● Exercise prompt:
Somewhere below is a line with "LARGE COLORES 💙💜🟪🟩" and, later, a line with "Project in Wadsworth"; repeat those two lines and all the lines between them, exactly as they are.

● Exercise input:
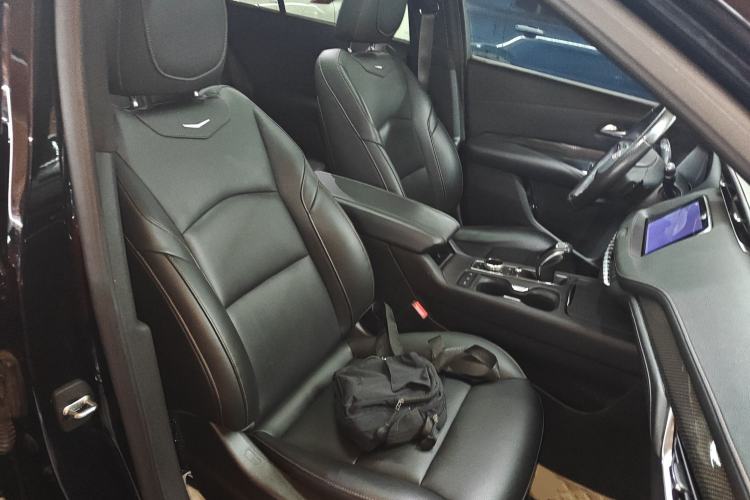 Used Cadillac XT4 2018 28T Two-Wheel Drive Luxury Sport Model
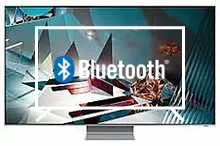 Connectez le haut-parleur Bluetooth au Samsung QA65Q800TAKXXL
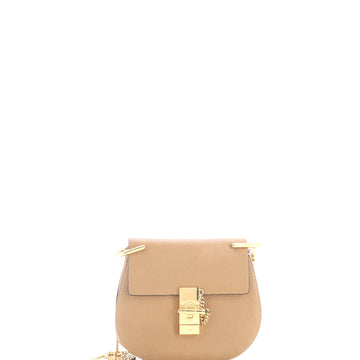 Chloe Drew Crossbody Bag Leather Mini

---

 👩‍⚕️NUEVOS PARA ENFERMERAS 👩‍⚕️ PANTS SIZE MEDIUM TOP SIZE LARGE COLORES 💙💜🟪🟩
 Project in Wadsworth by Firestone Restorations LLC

● Response to this exercise:
 👩‍⚕️NUEVOS PARA ENFERMERAS 👩‍⚕️ PANTS SIZE MEDIUM TOP SIZE LARGE COLORES 💙💜🟪🟩
 Project in Wadsworth by Firestone Restorations LLC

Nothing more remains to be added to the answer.